De surcroît, les résultats sont mauvais : 64 500 caméras ont été portées, 2 564 enregistrements ont été réalisés et seulement 30 ont été exploités, dont 80 % à but pédagogique. Comment voulez-vous apprécier l'efficacité de l'expérimentation ?

Par ailleurs, le déclenchement de la caméra reste à la discrétion de l'agent. Je prends un exemple hors de l'administration pénitentiaire, celui des centres de rétention administrative, dans lesquels, on le sait, il est fait un usage très sélectif des caméras : à Vincennes, les associations reçoivent des plaintes liées à l'absence de caméras pour filmer des séances qui comportent pourtant des risques de violence, y compris entre détenus !

Nous nous opposons à un dispositif aussi discrétionnaire et coercitif.

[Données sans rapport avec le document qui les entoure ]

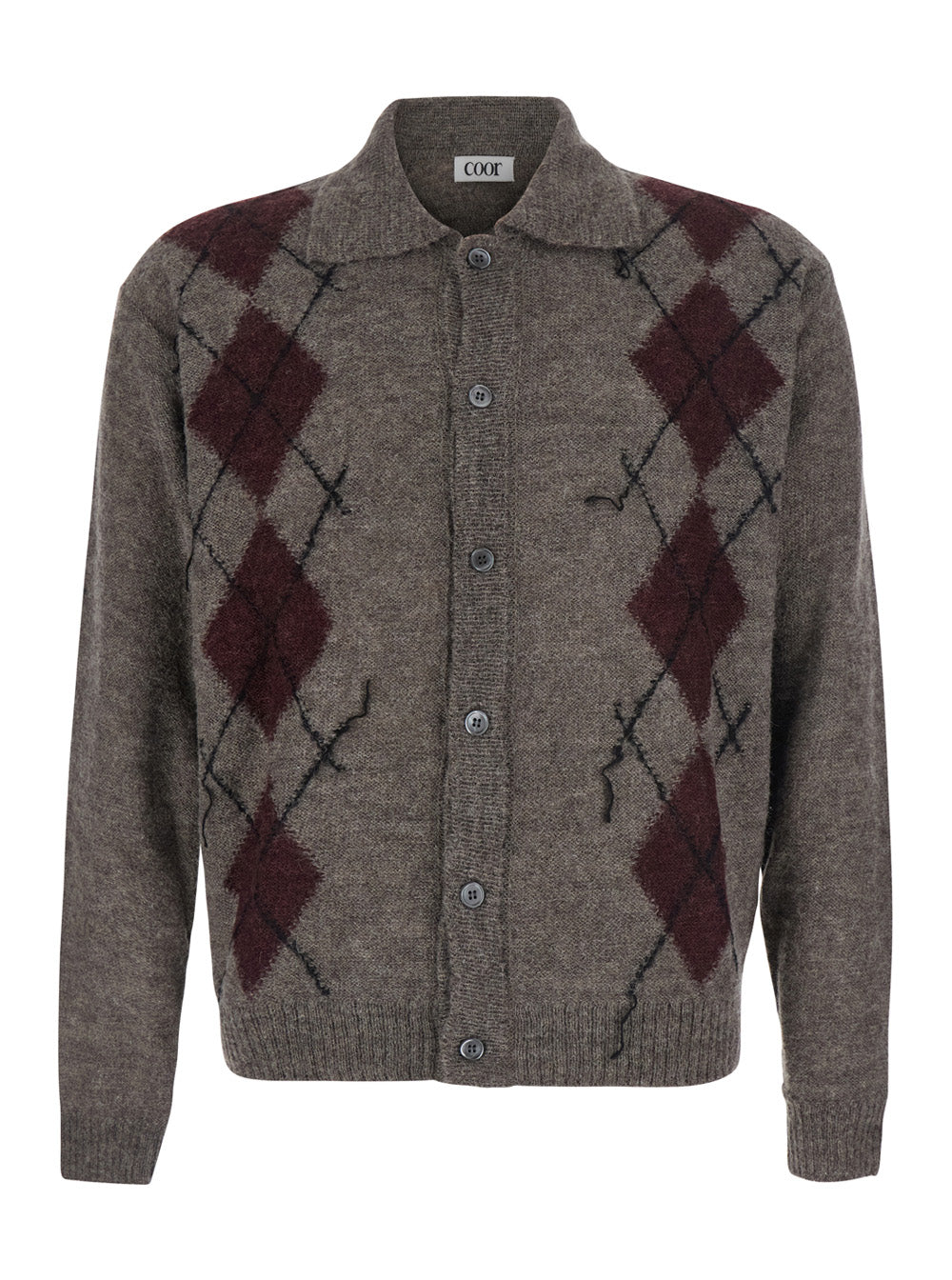 Coor Inside Out Argyle Collar Cardigan — Gray - M by Coor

Il faudrait une expérimentation sur le long terme. Les exemples anglais, écossais ou gallois, et toute la littérature internationale le montrent : ces caméras, pas plus que la vidéosurveillance dans la rue, n'apportent rien, contrairement à ce que veut nous faire croire ce gouvernement très sécuritaire. Nous proposons de retravailler cette idée, pourquoi pas en filmant de manière continue – en espérant que les serveurs de l'État seront assez solides pour accueillir toutes les données. Cela éviterait de fausser les résultats.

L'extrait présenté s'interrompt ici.